Task directions – Below are the records; extract from them the line containing "300 Вт-1100 Вт" to the line containing "vidaXL Vrtno cvetlično", both lines included, exactly and with no pictures.

═══ Input records ═══

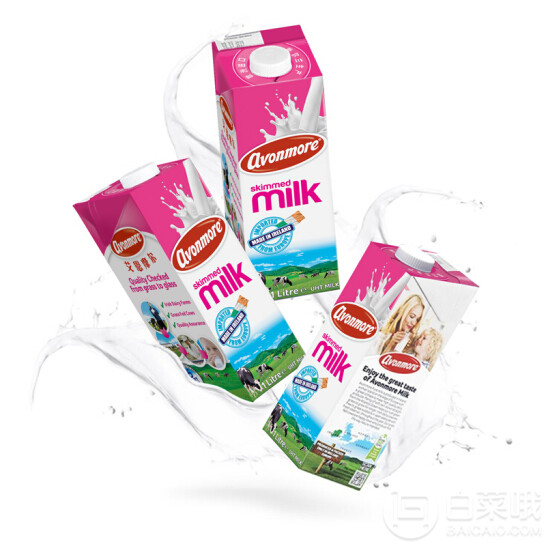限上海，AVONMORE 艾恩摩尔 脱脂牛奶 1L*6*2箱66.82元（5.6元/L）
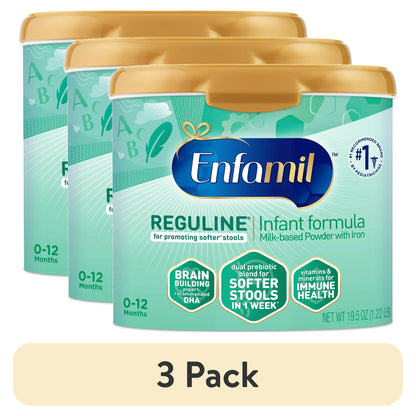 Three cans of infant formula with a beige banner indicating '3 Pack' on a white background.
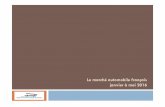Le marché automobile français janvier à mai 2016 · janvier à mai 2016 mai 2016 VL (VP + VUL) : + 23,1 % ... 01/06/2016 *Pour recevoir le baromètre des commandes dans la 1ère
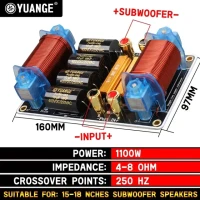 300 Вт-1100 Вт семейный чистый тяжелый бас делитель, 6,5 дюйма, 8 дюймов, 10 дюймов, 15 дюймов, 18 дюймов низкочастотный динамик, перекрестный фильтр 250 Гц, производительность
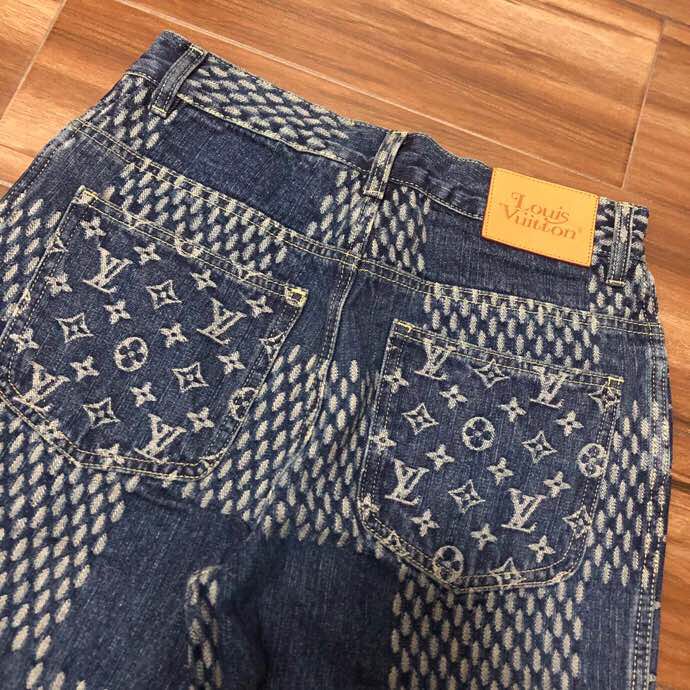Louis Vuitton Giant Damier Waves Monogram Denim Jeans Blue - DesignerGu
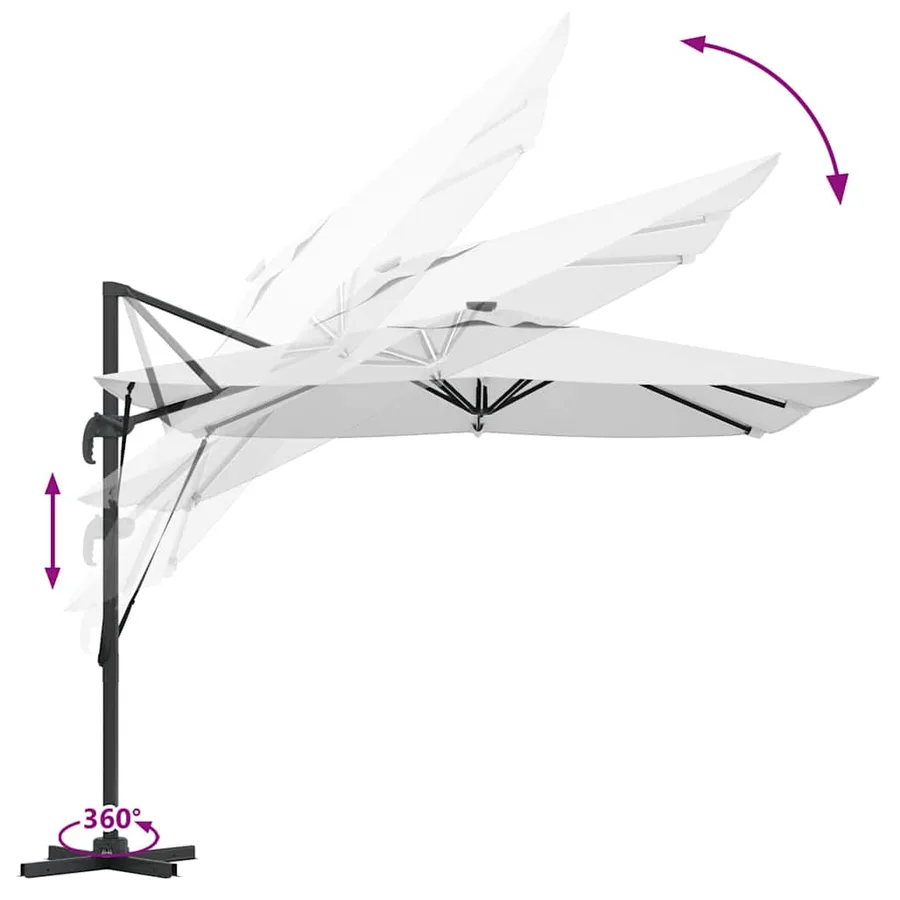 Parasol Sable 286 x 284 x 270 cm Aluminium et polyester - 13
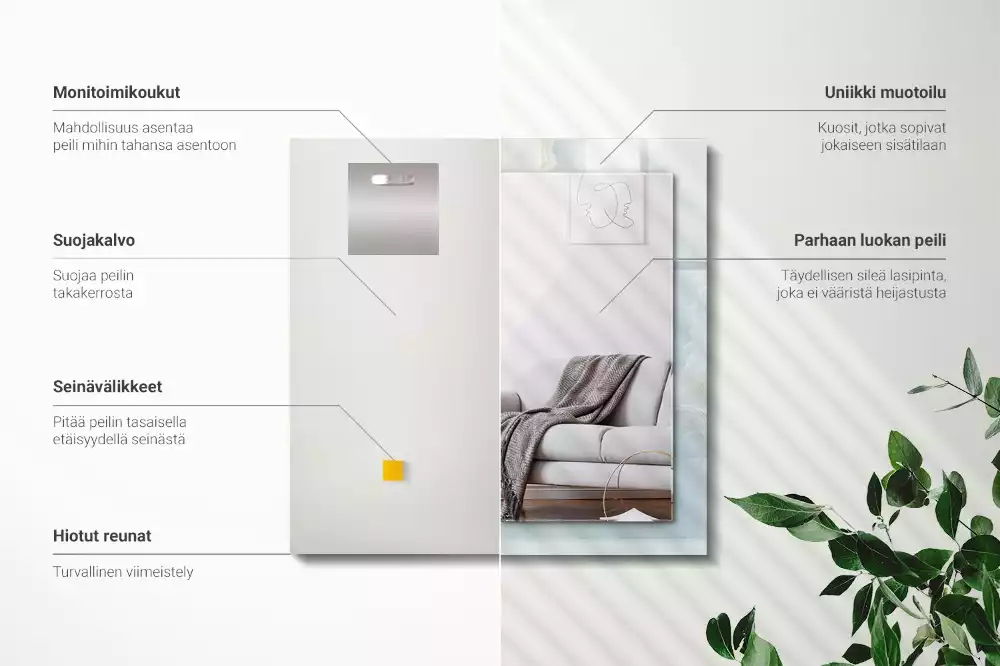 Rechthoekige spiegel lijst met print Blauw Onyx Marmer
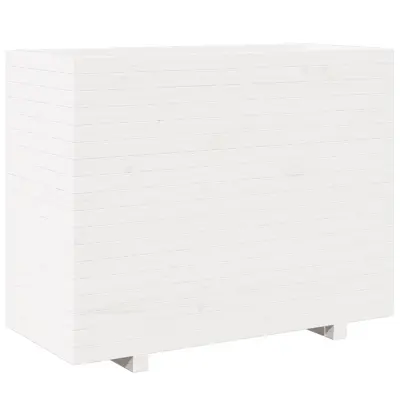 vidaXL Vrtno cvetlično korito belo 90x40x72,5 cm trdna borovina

═══
═══ Input records ═══

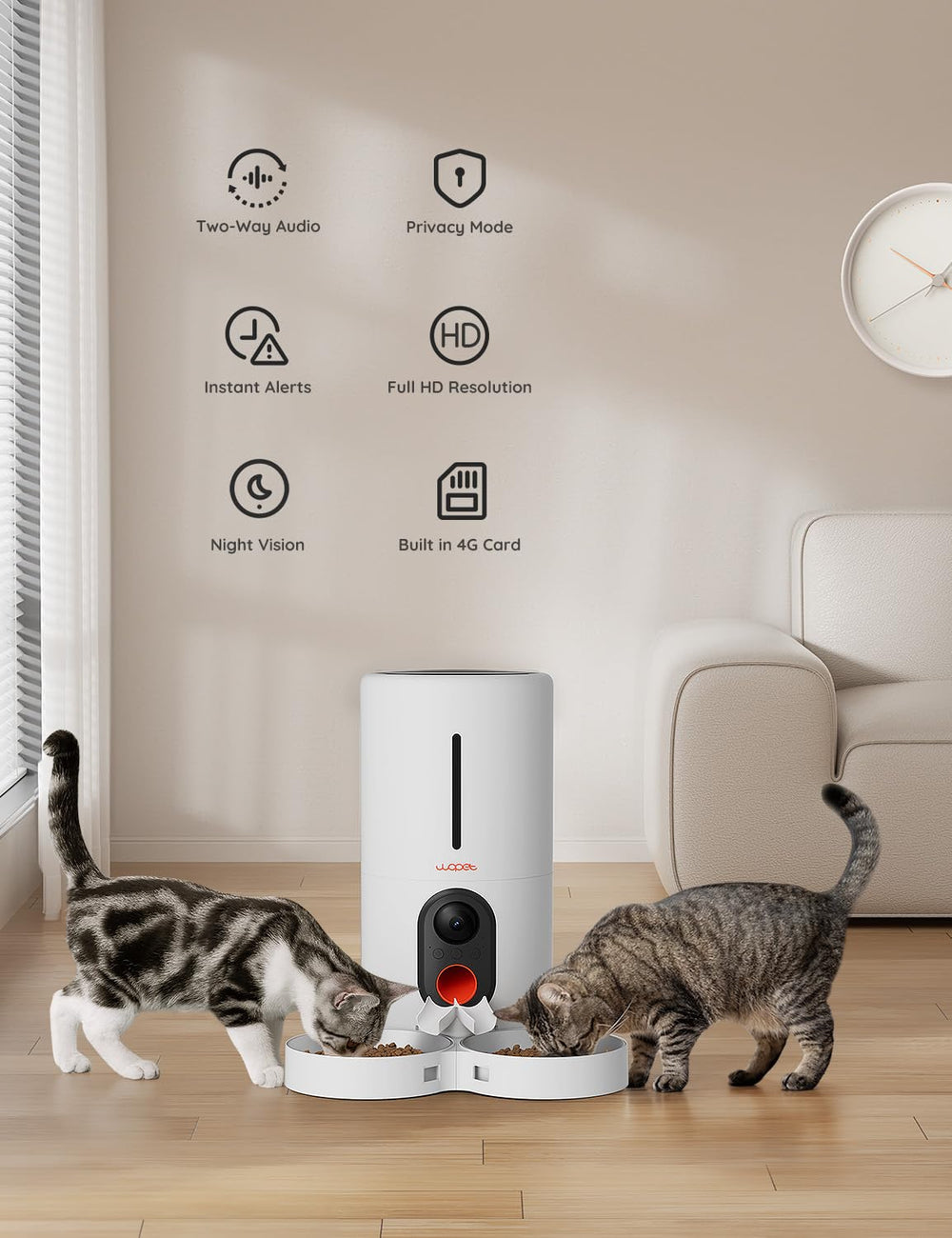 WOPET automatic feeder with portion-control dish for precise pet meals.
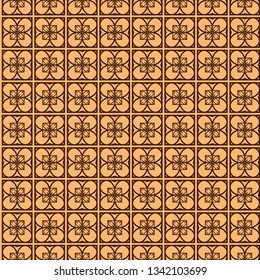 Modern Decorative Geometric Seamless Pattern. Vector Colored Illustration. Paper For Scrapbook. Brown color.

═══

Exercise result –
 300 Вт-1100 Вт семейный чистый тяжелый бас делитель, 6,5 дюйма, 8 дюймов, 10 дюймов, 15 дюймов, 18 дюймов низкочастотный динамик, перекрестный фильтр 250 Гц, производительность
Louis Vuitton Giant Damier Waves Monogram Denim Jeans Blue - DesignerGu
 Parasol Sable 286 x 284 x 270 cm Aluminium et polyester - 13
 Rechthoekige spiegel lijst met print Blauw Onyx Marmer
 vidaXL Vrtno cvetlično korito belo 90x40x72,5 cm trdna borovina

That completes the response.